The two pools were at opposite ends of the building. The north side pool was fine. The other one was… not great. The south side of the building in general was creepy. Somebody told me once that they heard someone had been murdered on the third floor, somewhere on the south side. I never found out which apartment. Or any more details. More than one tenant told me that they felt like the south side had a dark energy. A creepy vibe. I believed it. I felt it when I was on call at night, and did my walk-arounds of the hallways.

The south pool sat far back in a remote corner of the building, under the overhang of the first-floor apartments. Yes, I said first floor. You see, the pool faced the upper level of the parking garage, and a row of dark windows that looked in on the equipment storage room. The pool area was generally agreed upon to be haunted. A few tenants even claimed to have seen the ghost of a workman in overalls and a wide-brimmed straw hat that cast his face into deep shadow.

I never saw the ghost. But, I hated going back there, walking into the eerie snowfall silence of that back corner. Anywhere else in the courtyards, every little noise bounced and rebounded like a superball. But that south corner was dead silent. You couldn’t even hear the traffic on Frampton Avenue. Eventually, the management company tore out the second pool and put in a jaccuzi. Which nobody had asked for, and very few people used. But, at least it made lots of noise whenever it was switched on.

At the end of Jacaranda Street, opposite the ghostful Spanish colonial, there used to be a crappy bungalow that at first was just unloved, with sagging curtains and a lawn left to grow tall and wild, but obviously still inhabited. They held a garage sale at one point. But, after a few years, it became an actual abandoned house, with boarded up windows and a chain link fence hastily erected around it. My friend told me she’d been to a party there. The backyard, she said, extended nearly halfway down the block behind Frampton Avenue. Not coincidentally, I was certain, there was one spot on Frampton that could not keep a store or a restaurant open for more than a few months. Even when the neighborhood got trendier, even when a famous comedy ensemble moved into the teensy weensy theater, and the sidewalk got annoying crowded on evenings and weekends, that one spot still struggled to hang on to a single business. By the time that bungalow finally got torn down, the chain link fence sagged with a near-impenetrable mass of vines. But, I could see that the lot went back a long, long way.
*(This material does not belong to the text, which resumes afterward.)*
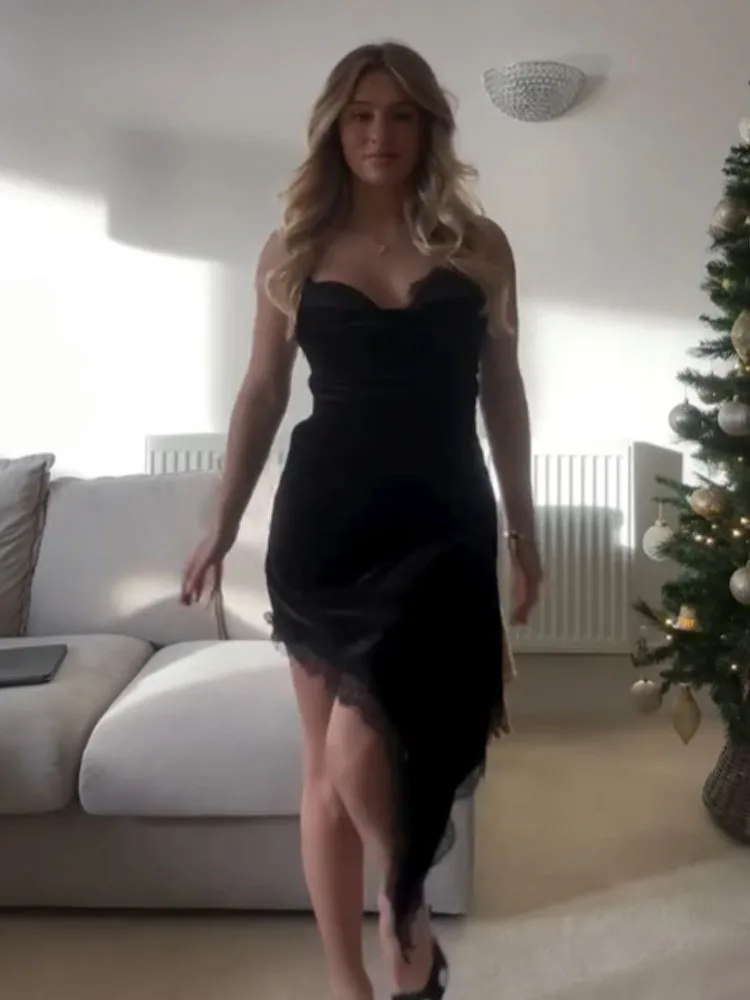 

HH Новое женское летнее модное асимметричное платье без рукавов с бархатными складками, сексуальное кружевное украшение, женское универсальное праздничное платье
I don’t miss living at Jacaranda Pointe. I don’t miss the leaky roofs, or the cockroaches, or the long, silent hallways. I was very unhappy there, in the end. Most of my good memories are overshadowed by the bad ones. That’s the way of the world, I suppose. But, I do miss the neighborhood. I miss the Hollywood hills. I still don’t own a car. I don’t really need one. My new apartment is walking distance from the office, but of course nowadays I work from home, and only go out to make grocery runs. Sometimes on a Saturday, I’ll do my rambling through the the real estate listings on Redfin or Zillow, looking at the interiors of the houses I used to drive past and wonder about. I’ll bookmark the “reasonable” ones. In the one to three million range. Nothing too fancy. I don’t need a bunch of empty rooms. I’m just looking for my own cozy little tree house high above the city, where I can see the stars, and hear the palms whisper to one another all through the night, up in those beautiful, haunted hills.